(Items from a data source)

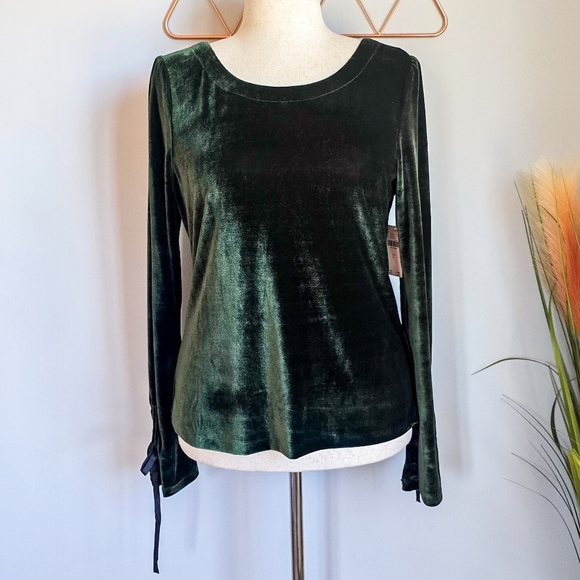 Anthropologie, New Hunter Green Velvet Lace-up Open Back Shirt Top Size Large - Picture 4 of 13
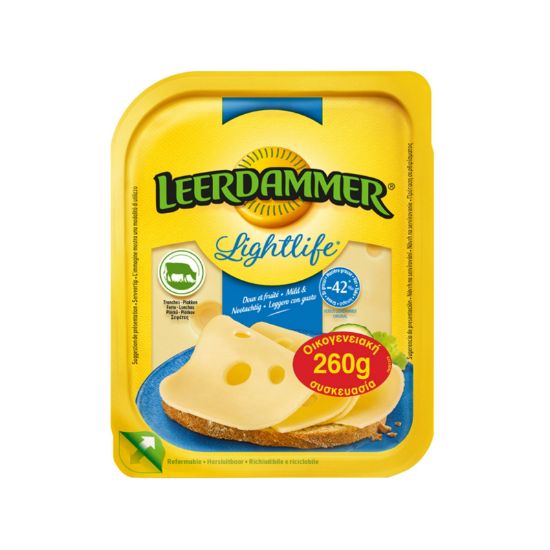 LEERDAMMER Light cheese slices 260g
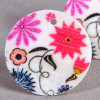 Pendentif sequin en nacre 25mm à motif fleurs roses x1
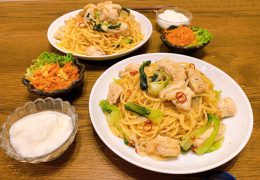 鶏肉と青梗菜の和風醤油パスタ｜醤油大使レシピ
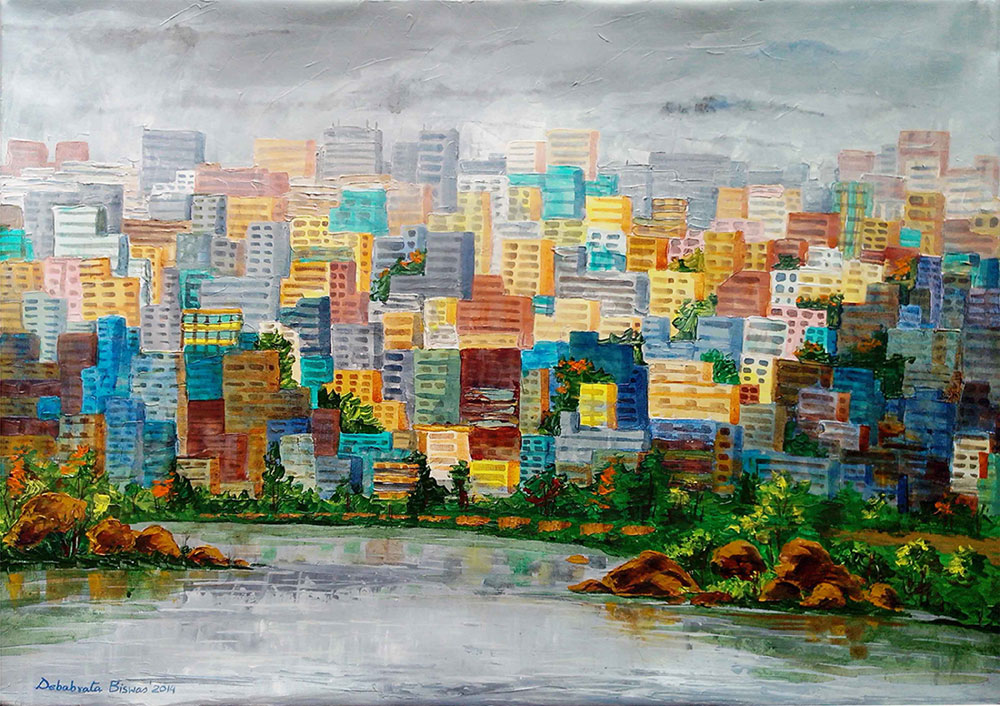 Painting of Hyderabad cityscape on canvas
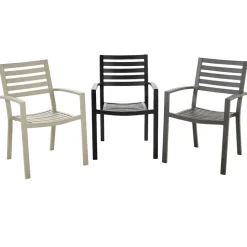 Brico Central Park Tuinstoel Vina Aluminium Antraciet- Tuinstoelen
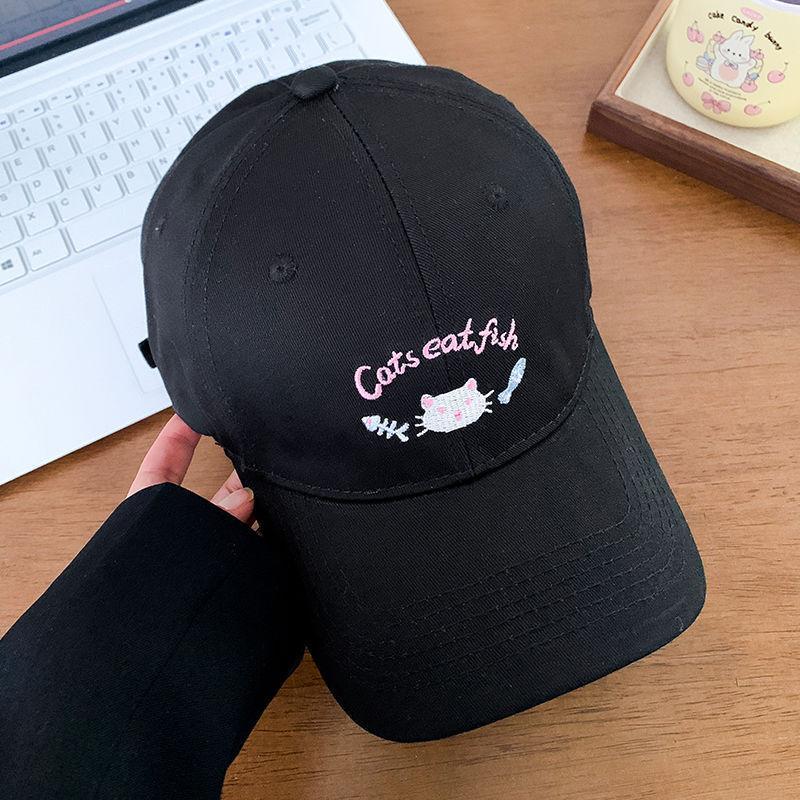

Cute kitten embroidered baseball cap women s spring and summer big head circumference showing face small cap new high-end hat adjustable чёрный
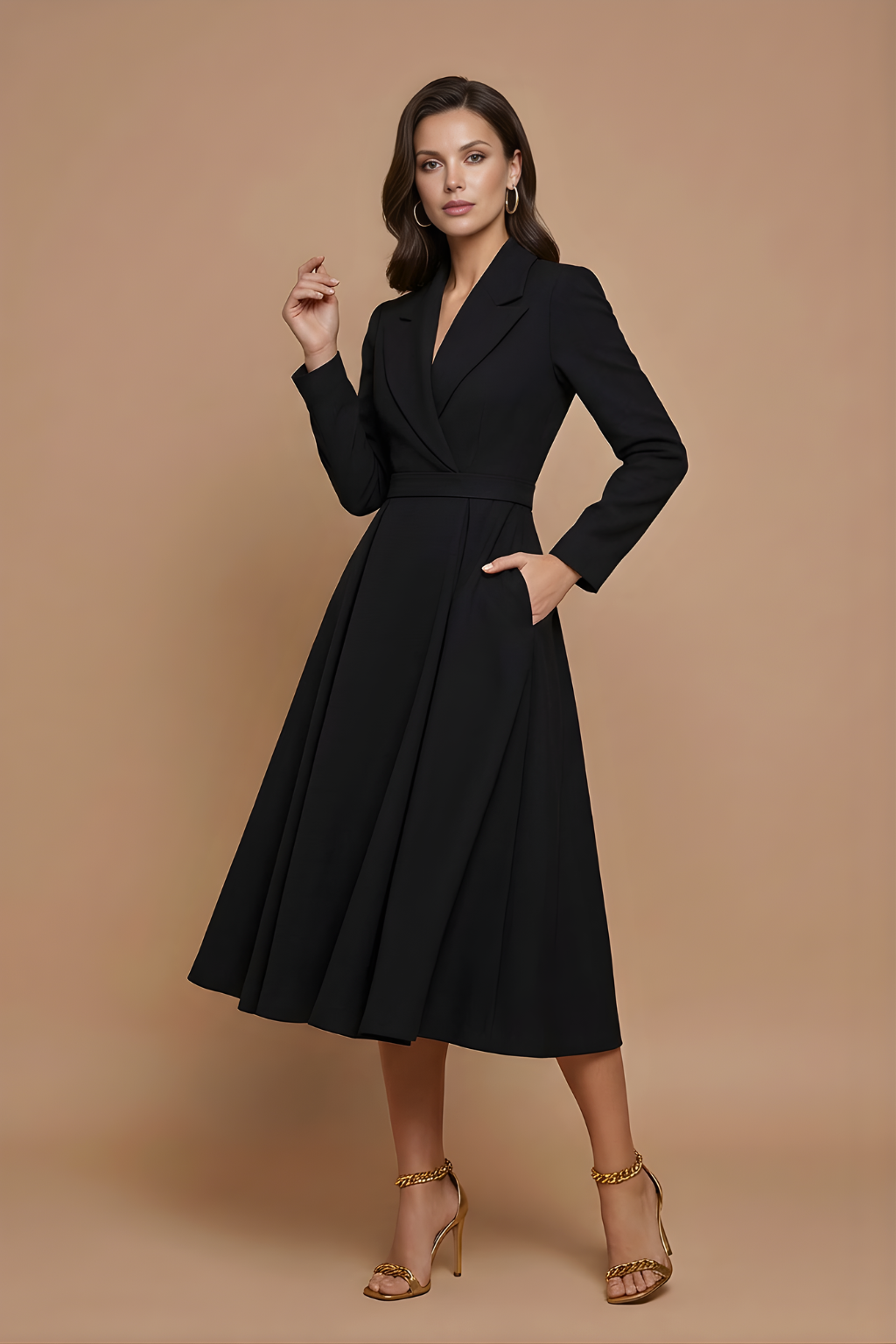 Women's Midi Dress with Wrap Front and Integrated Belt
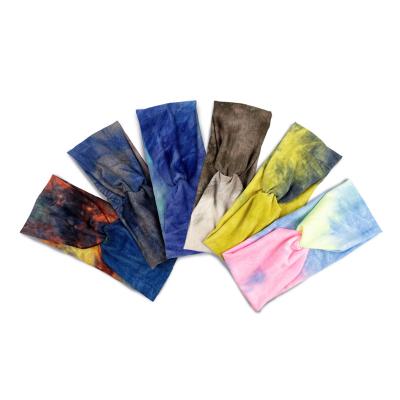 China 2021 Wholesale Girls/Women/Men Tops Elastic Running Sports Breathsble Quick Dry Sustainable Hair Bands Make Up Hair Tie Dye Headband OEM for sale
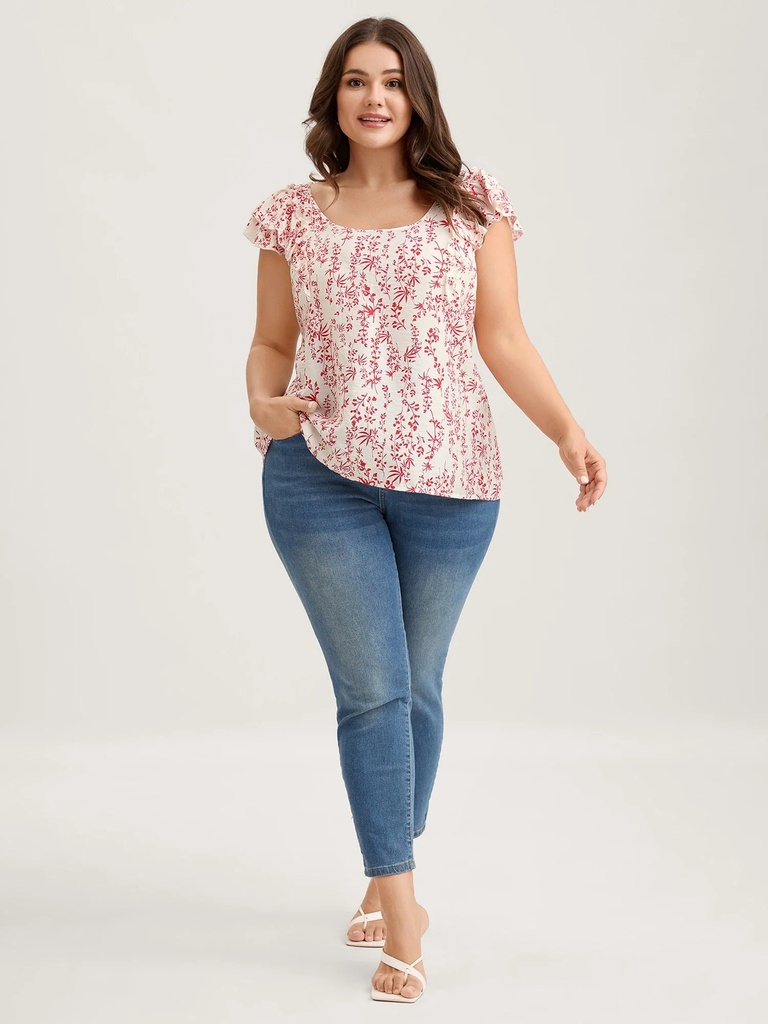Blusa floral de mangas con volantes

→ WORK INSTRUCTIONS: What you write must match, line for line, the records from the line containing "China 2021 Wholesale" through the last line, with every picture left out.

→ WRITTEN RESPONSE:
 China 2021 Wholesale Girls/Women/Men Tops Elastic Running Sports Breathsble Quick Dry Sustainable Hair Bands Make Up Hair Tie Dye Headband OEM for sale
Blusa floral de mangas con volantes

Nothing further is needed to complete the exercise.